Edward Lemay
http://lemay.socialpsychology.org
What does your research focus on?
I have a number of research interests related to interpersonal relationships. One line of research examines motivated cognition within the context of relationships, especially how motivation may bias perceptions of partners’ care, commitment, and regard. In a related line of research, I am examining the motivation to be valued by partners and its impact on interpersonal behavior. Finally, in a third line of research, I am examining how people manage relationships with chronically insecure and emotionally unstable relationship partners.
What drew you to this line of research and why is it exciting to you?
I have always been intrigued by social interaction and wondered why some relationships seem to work and others seem so problematic. As an undergraduate, I read The Social Animal by Elliot Aronson and was fascinated and excited to learn that these issues are legitimate targets of scientific inquiry.

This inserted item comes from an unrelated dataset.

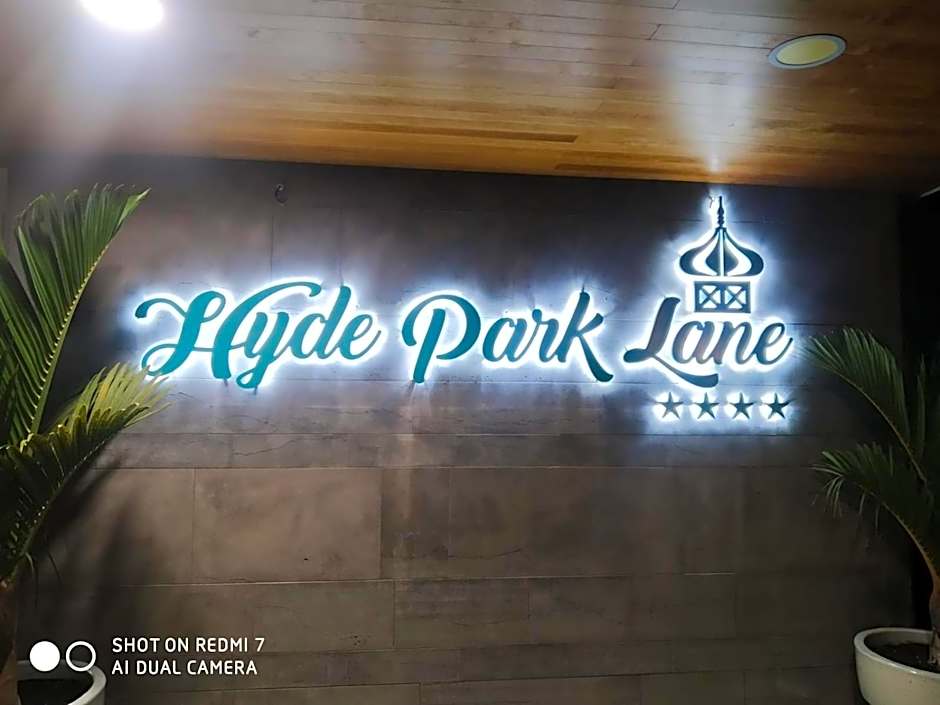 Hyde Park Lane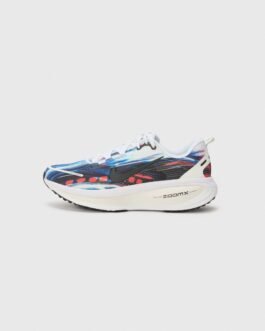 VOMERO 18 - Chaussures de running sur route - white/royal pulse/football grey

This is an exciting field for me because I believe interpersonal relationships are enormously important for understanding psychological functioning, and that many of the ways in which our functioning depends on interpersonal relationships still await discovery. In addition, with a focus on the interplay between two individuals (i.e., interpersonal processes examined in dyadic studies), the study of interpersonal relationships demands a complexity that I find captivating.
Who were/are your mentors or scientific influences?
As an undergraduate at Worcester State University, Pearl Mosher-Ashley initially involved me in research and helped me see research as a feasible career. I don’t know what I would be doing today if we didn’t cross paths. At Rutgers, where I earned my master’s degree, I worked with Richard Ashmore, who was an attentive mentor and taught me the importance of diligence, creativity, and theoretical thinking. For my dissertation, I worked with Peggy (Margaret) Clark at Carnegie Mellon University and then at Yale University. I couldn’t have hoped for a better graduate advisor. Working with Peggy was perhaps the biggest lucky break of my career. She was generous with time, data, money, authorship, and space. She taught me how to think big and how to conduct programmatic research. She supported and cultivated my ideas, even when they were only tangentially related to her own work. She was warm and approachable, despite being a luminary in the field. Although they were not formal advisors, Sheldon Cohen, Jack Dovidio, and Brooke Feeney have been supportive mentors as well.
In addition, many other psychologists have influenced my thinking. Some of the most notable influences include John Holmes, Dave Kenny, Sandra Murray, Harry Reis, Caryl Rusbult, Jeff Simpson, and Bill Swann. Their work inspires me.
What’s your future research agenda?
There are many things I would like to do. I plan to continue to study motivated cognition in interpersonal relationships, distinctions between interpersonal confidence and interpersonal desire, effects of interpersonal goals on interactions and relationships, and effects of partners’ personality on relationship maintenance strategies. I find all of these areas to be captivating. In the long-term, there are many areas of psychology that would profit from a greater consideration of interpersonal relationships, and I would like to contribute to that theoretical and empirical integration.
What publication are you most proud of?
Lemay, E. P., Jr., & Dudley, K. L. (2011). Caution: Fragile! Regulating the interpersonal security of chronically insecure partners. Journal of Personality and Social Psychology, 100, 681–702.
This publication presents and tests a model of the interpersonal regulation of chronically insecure and emotionally volatile relationship partners. Multiple research methods were used to demonstrate that people “walk on eggshells” around insecure partners, and that this strategy may help maintain those partners’ perceptions of acceptance. I feel proud of this work because it underscores the importance of taking a dyadic approach. Personality dispositions that are traditionally thought to result in relationship insecurity (e.g., low self-esteem, attachment anxiety, proneness to anger and hurt feelings) do not predict insecurity when partners actively work to disconfirm negative expectancies and maintain interpersonal harmony.